Он пожал плечами. Это его любимый жест — пожать плечами, как будто всё происходящее его слегка удивляет, но в целом соответствует ожиданиям.
— Ты же умеешь готовить.
— Умею. А ты умеешь работать. Но почему-то одно из этих умений используется, а другое — нет.
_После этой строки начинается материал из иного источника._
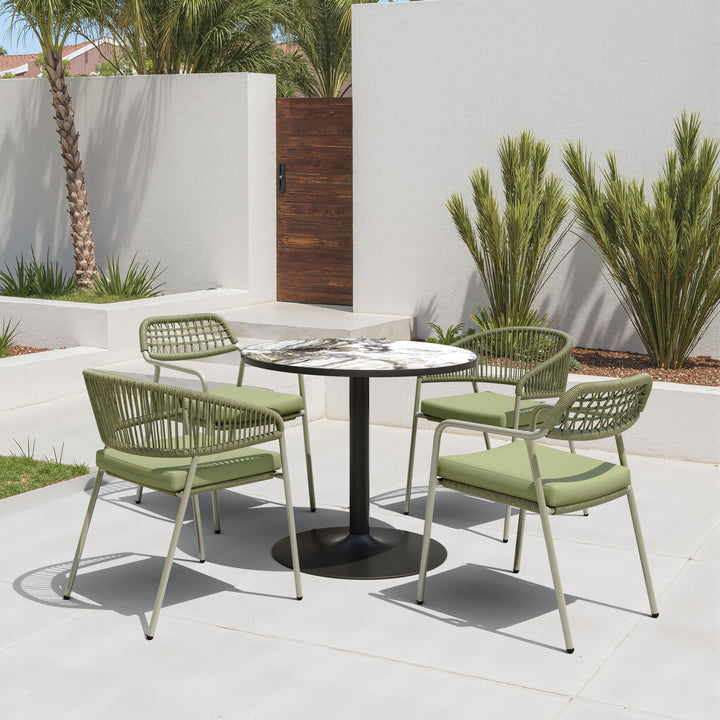 Outdoor patio set with four green chairs and a round table on a concrete patio.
— Нина! — он повысил голос. Соседи у нас через забор, но в этот момент мне было всё равно. — Ты что, скандал при родителях хочешь устроить?
— Где они сейчас?
— В беседке сидят.
— Вот и хорошо. Значит, не слышат.
Я прошла мимо него в кухню, открыла холодильник. Там была картошка, три яйца, кусок сала, который я берегла до следующей недели, немного лука и початая банка огурцов. Не густо, но не голод.
— Сала не трогай, — сказал он за спиной. — Мать привезла, это нашим не подходит.
Я обернулась.
— Что значит «нашим не подходит»?
— Нина, ну ты понимаешь. У тебя желудок.
Сало привезла его мать. Значит, оно «наше» — их. А я — «наш желудок», который надо беречь от нашего же сала.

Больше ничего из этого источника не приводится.